**** Data section ****
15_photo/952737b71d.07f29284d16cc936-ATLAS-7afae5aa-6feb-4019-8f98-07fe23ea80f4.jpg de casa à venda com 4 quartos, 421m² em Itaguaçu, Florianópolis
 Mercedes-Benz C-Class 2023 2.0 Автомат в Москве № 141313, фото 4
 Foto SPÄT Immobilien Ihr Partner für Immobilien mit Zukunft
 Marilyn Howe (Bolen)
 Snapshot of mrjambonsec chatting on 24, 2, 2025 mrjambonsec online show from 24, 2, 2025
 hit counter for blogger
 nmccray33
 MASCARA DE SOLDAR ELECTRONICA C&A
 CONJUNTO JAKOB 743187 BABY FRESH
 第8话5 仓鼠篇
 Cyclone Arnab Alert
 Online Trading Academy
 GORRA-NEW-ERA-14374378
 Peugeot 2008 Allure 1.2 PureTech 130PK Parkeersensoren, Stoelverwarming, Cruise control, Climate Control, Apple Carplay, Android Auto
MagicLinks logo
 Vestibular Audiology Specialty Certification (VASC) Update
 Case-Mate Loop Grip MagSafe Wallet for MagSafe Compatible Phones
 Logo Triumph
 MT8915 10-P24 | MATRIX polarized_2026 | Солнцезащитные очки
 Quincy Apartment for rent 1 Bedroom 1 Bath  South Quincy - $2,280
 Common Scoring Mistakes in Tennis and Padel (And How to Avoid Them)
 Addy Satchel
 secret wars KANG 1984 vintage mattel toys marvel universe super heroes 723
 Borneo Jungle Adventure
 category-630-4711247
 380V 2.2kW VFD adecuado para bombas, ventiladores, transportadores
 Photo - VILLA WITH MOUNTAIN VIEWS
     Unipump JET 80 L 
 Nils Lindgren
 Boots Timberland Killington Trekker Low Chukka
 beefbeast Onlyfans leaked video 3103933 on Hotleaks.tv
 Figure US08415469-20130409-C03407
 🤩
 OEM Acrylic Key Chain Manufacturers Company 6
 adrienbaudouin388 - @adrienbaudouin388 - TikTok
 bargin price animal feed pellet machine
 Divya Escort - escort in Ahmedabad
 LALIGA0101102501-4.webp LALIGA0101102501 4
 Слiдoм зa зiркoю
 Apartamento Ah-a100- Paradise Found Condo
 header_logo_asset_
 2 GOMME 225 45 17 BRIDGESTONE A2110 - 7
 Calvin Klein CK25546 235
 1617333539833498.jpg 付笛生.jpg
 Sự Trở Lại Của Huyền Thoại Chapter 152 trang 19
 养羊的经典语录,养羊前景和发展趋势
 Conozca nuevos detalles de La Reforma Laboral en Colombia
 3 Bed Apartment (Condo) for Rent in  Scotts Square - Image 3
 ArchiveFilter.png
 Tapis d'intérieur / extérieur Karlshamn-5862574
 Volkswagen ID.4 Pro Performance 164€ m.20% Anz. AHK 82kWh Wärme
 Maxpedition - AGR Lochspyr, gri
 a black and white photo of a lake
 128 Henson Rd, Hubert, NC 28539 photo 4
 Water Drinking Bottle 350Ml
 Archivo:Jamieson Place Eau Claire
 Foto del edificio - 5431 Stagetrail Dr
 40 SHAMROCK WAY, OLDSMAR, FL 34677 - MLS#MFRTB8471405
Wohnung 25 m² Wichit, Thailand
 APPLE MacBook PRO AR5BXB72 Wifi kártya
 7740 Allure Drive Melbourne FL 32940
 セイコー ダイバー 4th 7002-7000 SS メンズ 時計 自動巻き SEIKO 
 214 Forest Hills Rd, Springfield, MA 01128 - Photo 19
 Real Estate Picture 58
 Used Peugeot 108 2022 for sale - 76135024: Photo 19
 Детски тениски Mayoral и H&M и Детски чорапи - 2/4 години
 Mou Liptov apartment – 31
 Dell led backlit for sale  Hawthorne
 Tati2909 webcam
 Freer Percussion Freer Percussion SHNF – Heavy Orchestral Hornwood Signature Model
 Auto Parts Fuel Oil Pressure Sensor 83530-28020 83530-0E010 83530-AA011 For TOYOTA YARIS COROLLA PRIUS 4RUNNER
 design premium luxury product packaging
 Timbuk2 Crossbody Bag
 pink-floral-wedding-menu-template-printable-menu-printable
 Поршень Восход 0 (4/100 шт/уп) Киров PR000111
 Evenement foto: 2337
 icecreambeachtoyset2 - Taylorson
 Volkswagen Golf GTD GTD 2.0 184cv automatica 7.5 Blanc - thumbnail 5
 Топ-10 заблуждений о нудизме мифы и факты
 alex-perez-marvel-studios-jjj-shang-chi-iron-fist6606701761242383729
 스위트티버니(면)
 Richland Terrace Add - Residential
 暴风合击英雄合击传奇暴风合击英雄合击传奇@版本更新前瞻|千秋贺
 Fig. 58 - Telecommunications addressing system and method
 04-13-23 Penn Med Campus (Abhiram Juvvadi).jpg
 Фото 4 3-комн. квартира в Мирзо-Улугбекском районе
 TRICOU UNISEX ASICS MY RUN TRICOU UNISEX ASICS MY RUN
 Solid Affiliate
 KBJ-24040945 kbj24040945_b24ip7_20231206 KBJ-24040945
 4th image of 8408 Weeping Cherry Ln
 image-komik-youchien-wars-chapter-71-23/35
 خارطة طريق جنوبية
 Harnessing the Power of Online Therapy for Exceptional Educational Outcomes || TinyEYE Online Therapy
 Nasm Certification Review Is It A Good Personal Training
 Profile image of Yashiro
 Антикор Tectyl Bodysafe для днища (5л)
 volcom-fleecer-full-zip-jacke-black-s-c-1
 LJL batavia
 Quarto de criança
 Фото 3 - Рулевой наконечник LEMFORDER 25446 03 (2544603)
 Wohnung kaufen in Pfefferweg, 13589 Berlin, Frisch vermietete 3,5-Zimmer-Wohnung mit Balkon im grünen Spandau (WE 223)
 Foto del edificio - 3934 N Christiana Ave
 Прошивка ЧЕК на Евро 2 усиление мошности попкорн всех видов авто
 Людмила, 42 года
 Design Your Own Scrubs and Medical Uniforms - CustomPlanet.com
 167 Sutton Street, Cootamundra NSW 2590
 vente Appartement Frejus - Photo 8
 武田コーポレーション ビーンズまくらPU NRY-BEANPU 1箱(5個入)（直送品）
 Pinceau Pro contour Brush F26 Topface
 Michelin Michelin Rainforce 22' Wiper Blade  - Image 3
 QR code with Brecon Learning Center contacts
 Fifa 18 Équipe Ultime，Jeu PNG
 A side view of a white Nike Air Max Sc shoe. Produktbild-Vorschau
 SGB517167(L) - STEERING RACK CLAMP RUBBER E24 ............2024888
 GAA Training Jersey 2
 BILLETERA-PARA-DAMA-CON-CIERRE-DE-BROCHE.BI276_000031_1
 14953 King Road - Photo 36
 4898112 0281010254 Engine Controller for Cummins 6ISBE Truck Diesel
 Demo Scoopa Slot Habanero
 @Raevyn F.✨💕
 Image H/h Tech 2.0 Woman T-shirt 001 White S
****
For each line of the entries that contains the word "Training", make a copy.

 Nasm Certification Review Is It A Good Personal Training
 GAA Training Jersey 2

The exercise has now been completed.